INFO:modeling.splitters._splitters.base_splitter:Length of data before splitting is 30
INFO:modeling.splitters._splitters.base_splitter:Length of the train data after splitting is 16, length of the test data after splitting is 14.


Let's see what the train data looks like:

In [19]:
train_by_column_value

Unnamed: 0,country,temperature,humidity
1,China,0.554585,0.387478
2,China,0.063817,0.288328
5,Brazil,0.758088,0.199908
7,China,0.970698,0.786924
8,Canada,0.893121,0.664851
11,Brazil,0.466721,0.458916
12,China,0.043804,0.568741
13,China,0.154289,0.139797
14,China,0.683049,0.11453
15,China,0.744762,0.668403


And the test:

In [20]:
test_by_column_value

Unnamed: 0,country,temperature,humidity
0,USA,0.227239,0.804764
3,Germany,0.827631,0.682496
4,Germany,0.631664,0.139752
6,USA,0.354526,0.007362
9,USA,0.778383,0.705165
10,Germany,0.194639,0.780729
16,Germany,0.96751,0.471096
17,USA,0.325825,0.565236
19,Germany,0.469556,0.634718
20,Germany,0.189471,0.553579


## Functional

`functional` subpackage allows you to work with classes listed above in the functional workaround. This might be especially useful when working with pipelines or other orchestration tools that require simple callable objects (e.g. Kedro).

In [21]:
from modeling import create_splitter, split_data

In [22]:
splitter = create_splitter(
    split_method="date",
    splitting_parameters={
        "datetime_column": datetime_column,
        "split_datetime": split_datetime,
    },
)
splitter

ByDateSplitter(datetime_column='timestamp', split_datetime=Timestamp('2017-08-30 23:00:00'), )

In [23]:
help(create_splitter)

Help on function create_splitter in module modeling.splitters._splitters.functional:

create_splitter(split_method: Literal['date', 'frac', 'intervals', 'last_window', 'sequential_window', 'column_value'], splitting_parameters: Dict[str, Any]) -> modeling.splitters._splitters.base_splitter.SplitterBase
    Create ``SplitterBase`` instance from split_method and splitting parameters.
    
    Supported str options for ``split_method``:
        * "date" to initialize ``ByDateSplitter``
        * "frac" to initialize ``ByFracSplitter``
        * "intervals" to initialize ``ByIntervalsSplitter``
        * "last_window" to initialize ``ByLastWindowSplitter``
        * "sequential_window" to initialize ``BySequentialSplitter``
        * "column_value" to initialize ``ByColumnValueSplitter``
    
    Args:
        split_method: method for choosing type of inheritor of ModelBase to initialize
        splitting_parameters: parameters used for splitter initialization.
    
    Notes:
        ``sp

In [24]:
train_data, test_data = split_data(splitter=splitter, data=df)

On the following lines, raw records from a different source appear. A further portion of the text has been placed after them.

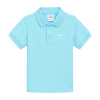 Slazenger Short Sleeve Polo Infant Topaz 3-4 roky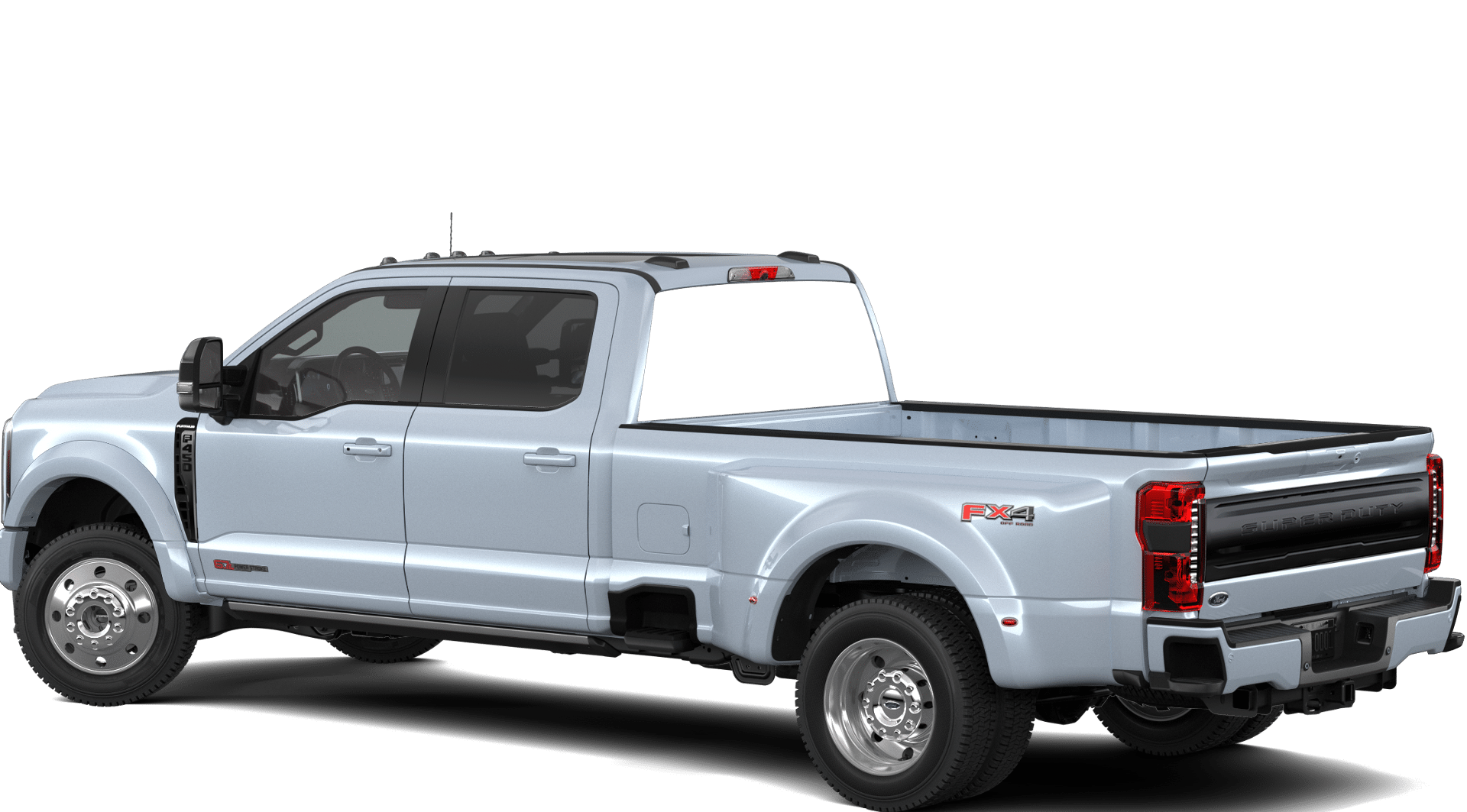 2026 Ford Super Duty F-450® Platinum®
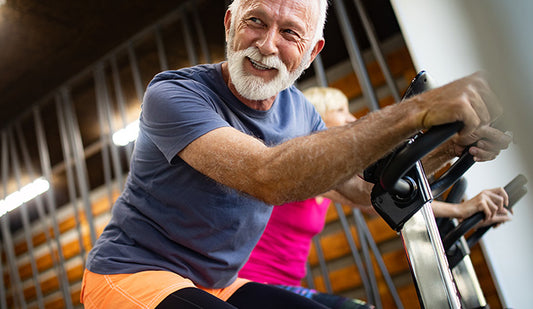 Celebrate Healthy Aging Month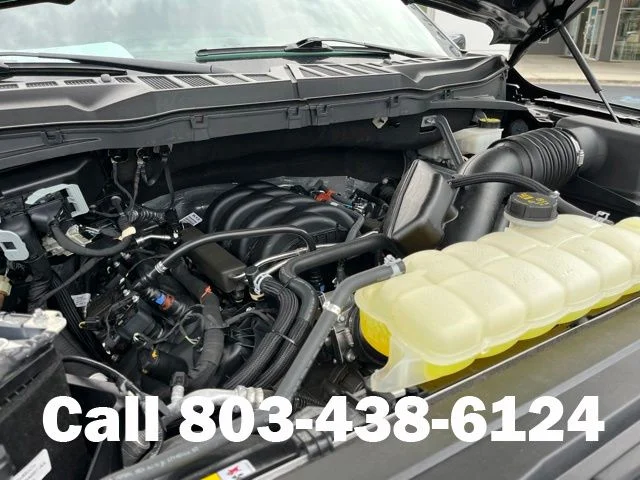 Used 2023 Black Ford Lariat image 40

INFO:modeling.splitters._splitters.base_splitter:Length of data before splitting is 1473
INFO:modeling.splitters._splitters.by_date_splitter:Splitting by datetime: 2017-08-30 23:00:00
INFO:modeling.splitters._splitters.base_splitter:Length of the train data after splitting is 1392, length of the test data after splitting is 81.